Who funds the paras? The War College says that a prime source is the
drug dealers who used their 1980s profits to buy an estimated 5
million to 6 million hectares of land. The drug profits fueled an
"agrarian counterreform." Ultimately, even more land rested in even
fewer hands, aggravating all the traditional problems of rural
inequality and the class conflicts that accompany them. Thus, to
protect their investment, the drug lords worked with the government
and traditional elites to fortify the paramilitaries who are arguably
the principal scourge of the nation.
And the estimated 20,000 guerrillas? Well, they exercise serious
influence over 50 percent of the nation's municipalities; they also
thrive on drug money, and they also murder with impunity. More than
200 political candidates and elected officials were killed on the eve
of 1997 elections.
Manuel Marulanda Velez leads the guerrillas. This is not his real
name. He chose it when, in 1946, he saw a campesino brutally murdered
by the conservative forces trying to hold back efforts at land reform
and land redistribution.
Since Marulanda's activities extend over 54 years, it seems fair to
argue that his movement (growing at the rate of 40 percent between
1998 and 2000) has staying power and that the elite forces opposing
significant change are also unwilling to radically change their positions.
Washington is supporting the government, as in Haiti, El Salvador and
Guatemala, by training locals to be professional soldiers. This could
help if U.S. policy-makers can somehow persuade the Colombian
government to change its standing orders. The War College reports that
the 35,000 high school graduates in the Colombian army are exempt from
serving in combat units. And, if you have money, you can also buy your
way out of the war.
In reality, poor guerrillas fight poor soldiers who fight drug-funded
paramilitaries recruiting other poor Colombians.
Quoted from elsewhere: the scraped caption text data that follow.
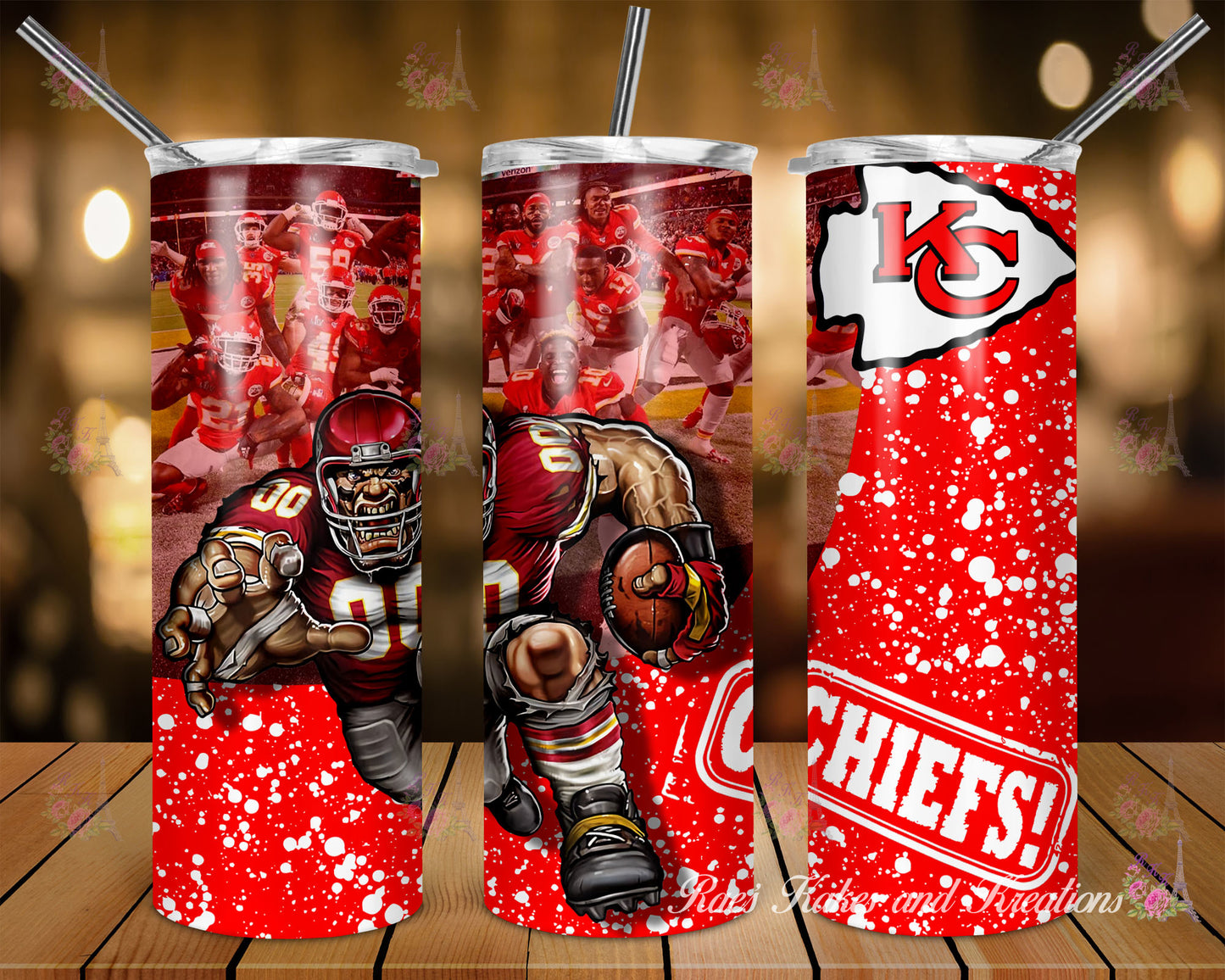 20 oz. Sport Team Theme Tumbler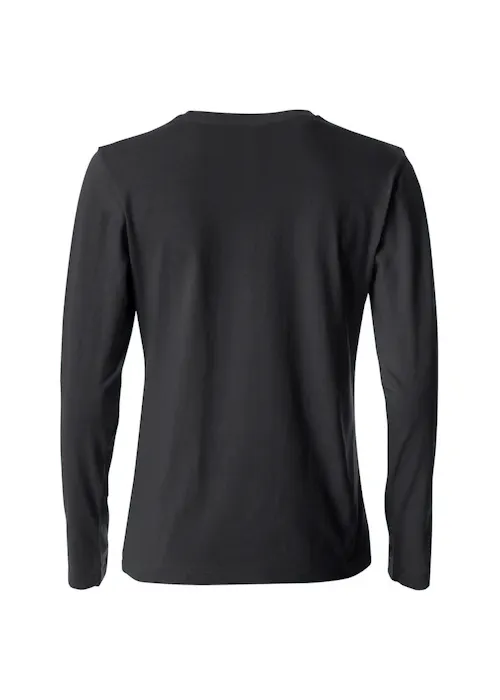 Clique 029034 Basic T-shirt L/S Regular Fit Dames
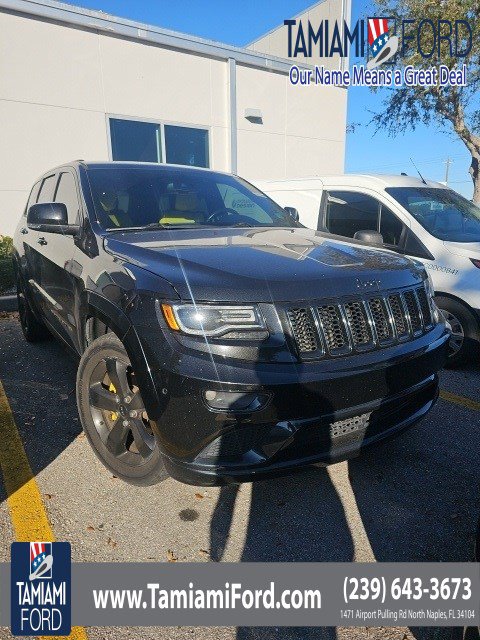 2015 Jeep Grand Cherokee Overland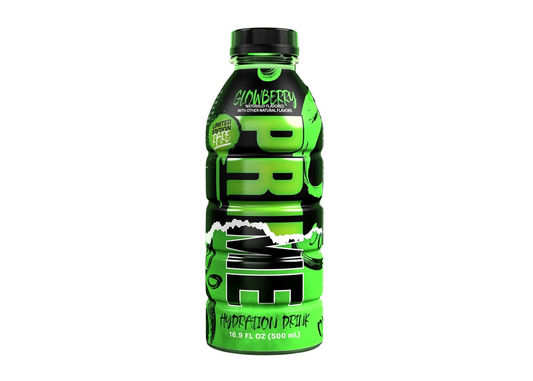 Prime Hydration Glowberry (Rare Limited Edition) 500 ML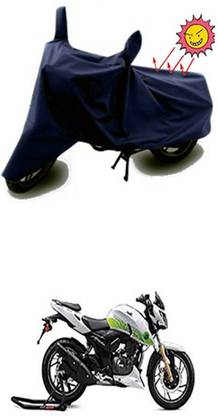 GOODLIFE Two Wheeler Cover for TVS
In a recent story in
El Tiempo, the going rate varied with the level of danger. And to
those who refused service, the recruiter offered this admonition. "We
take them to Vietnam," the name chosen by the paramilitaries for their
punishment camps.
The vast majority of Colombia's 39 million people desperately want
peace. When the University of Miami's North/South Center recently
suggested that the incoming Bush administration stop Washington's
focus on the drug war, the center's recommendations were front-page
news in Colombia.
The message was clear: Concentrate all efforts and energies on
fortifying the Colombian government and the peace negotiations --
including real land and social reforms -- that are the only plausible
solutions to a conflict that has already lasted for at least 54 years.
Is anybody listening? I hope so. Because this is a nightmare that
could come true: Connecticut helicopters will be used to rescue
Connecticut kids in uniform from the Vietnams created by the
drug-funded paramilitaries.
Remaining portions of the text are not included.